Consider the class of ordinals \(\alpha = \{\beta \in \text{Ord} \ | \ \exists f:\beta \hookrightarrow X\}\). Using the power set axiom twice - we get that \(\mathcal{P}(X \times X)\) is a set. Consider the class \(W\) of all reflexive well orderings of subsets of \(X\), since this is a definable subclass of \(\mathcal{P}(X \times X)\), it is a set by Schema of Specification.
The class of all order types of well-orderings in \(W\) is a set by the axiom schema of replacement: \((\operatorname{Domain}(w), w) \cong (\beta, \leq)\) where \(w\) is a well-ordering on \(\operatorname{Domain}(w)\) which gets mapped to the order type \((\beta, \leq)\).

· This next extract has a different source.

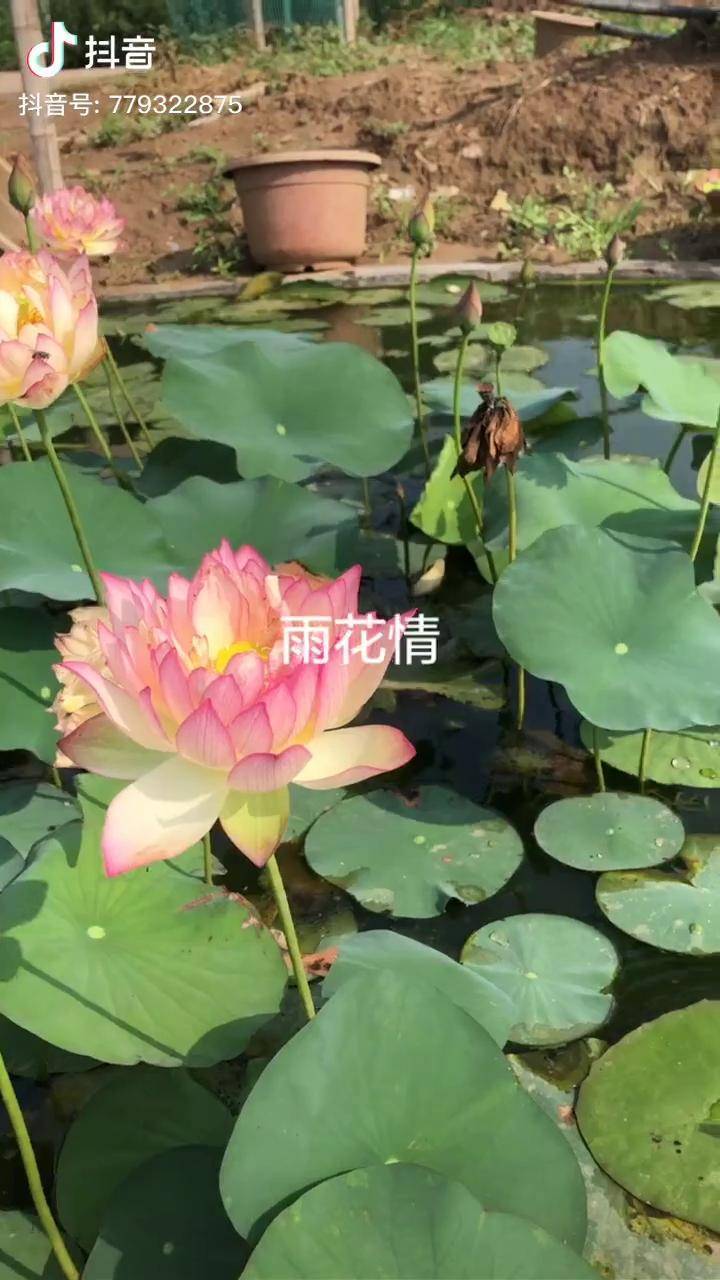碗莲雨花情,中型丰花品种,名字美,花更美碗莲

Now we can see that \(W\), a set, is precisely \(\alpha\). Since every well-ordering of a subset of \(X\) defines an injective function from \(\beta \hookrightarrow X\) where \(\beta\) is some ordinal. And the other side is true as well. To finish: \(\alpha\) is a transitive set of ordinals, which means it is an ordinal itself. Ofcourse, then, \(\alpha\) is the first ordinal with no injection \(\blacksquare\).
So, the chain has to eventually end. We are done.
Footnotes
Theorem 3 (Cantor’s Diagonal Argument) \[X <_{c} P(X) \ \forall \ X\]

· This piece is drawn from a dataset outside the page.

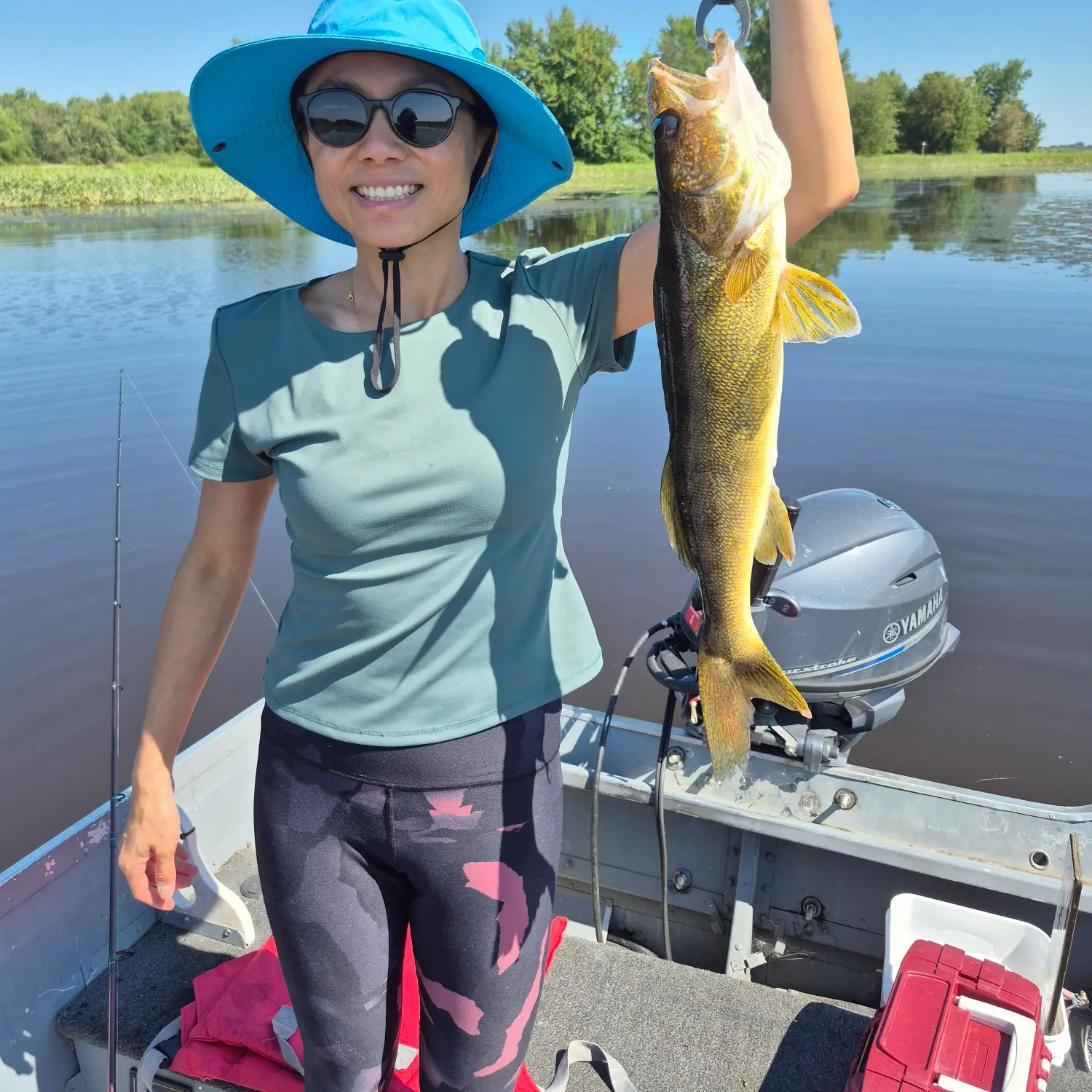 The most recent Walleye catches on Fishbrain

Assume for the sake of contradiction \(P(X) =_{c} X\) (where \(=_{c}\) means that there exists a bijection between the sets). Thus, there is a surjection \(f:X \to P(X)\). Consider
\[ A = \{x \in X: x \not\in f(x)\} \]
But since \(f\) is a surjection, \(\exists x_0 \ f(x_0) = A\) then
\[ x_0 \in A \iff x_0 \not\in A. \]
a contradiction. (This is pretty much the same idea as the famous proof of real numbers being uncountable.)